Bekanntlich hat die CDU nach der Landtagswahl die Grünen abserviert und sich für eine Große Koalition mit der SPD entschieden. Die Sozialdemokraten waren aus Sicht von CDU-Ministerpräsident Boris Rhein schlicht der bequemere Partner. Doch der Preis, den die SPD für die Juniorpartnerschaft bezahlt, ist hoch.
Künftig wird in Wiesbaden ein anderer Wind wehen: Von einer »christlich-sozialen« Koalition ist jetzt die Rede. Das klingt stark nach CSU. Im Koalitionsvertrag: Anti-Gender-Kurs, mehr Abschiebungen und mehr Polizei.

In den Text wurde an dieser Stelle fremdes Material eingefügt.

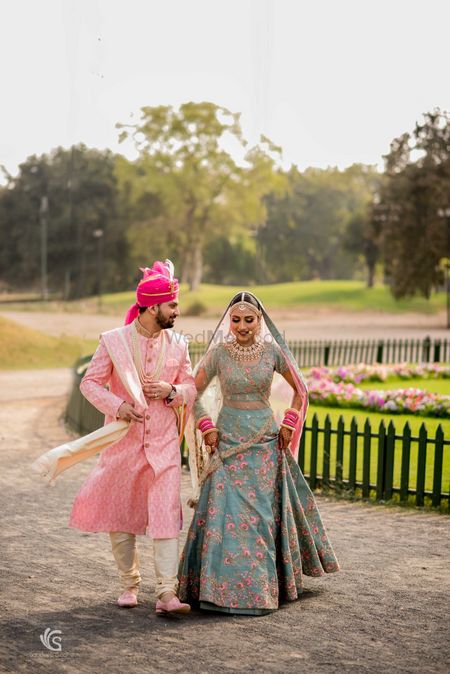 Offbeat bride and groom outfits for destination wedding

Die verschmähten Grünen spotteten schon über die »Demütigung« der Sozialdemokraten, die nur drei Ministerien bekommen. Doch dass die Delegierten auf dem SPD-Parteitag den Koalitionsvertrag heute ablehnen, ist trotzdem sehr unwahrscheinlich. Der Regierungswille ist groß. Und am Montag steht bereits die Unterzeichnung des Koalitionsvertrags an.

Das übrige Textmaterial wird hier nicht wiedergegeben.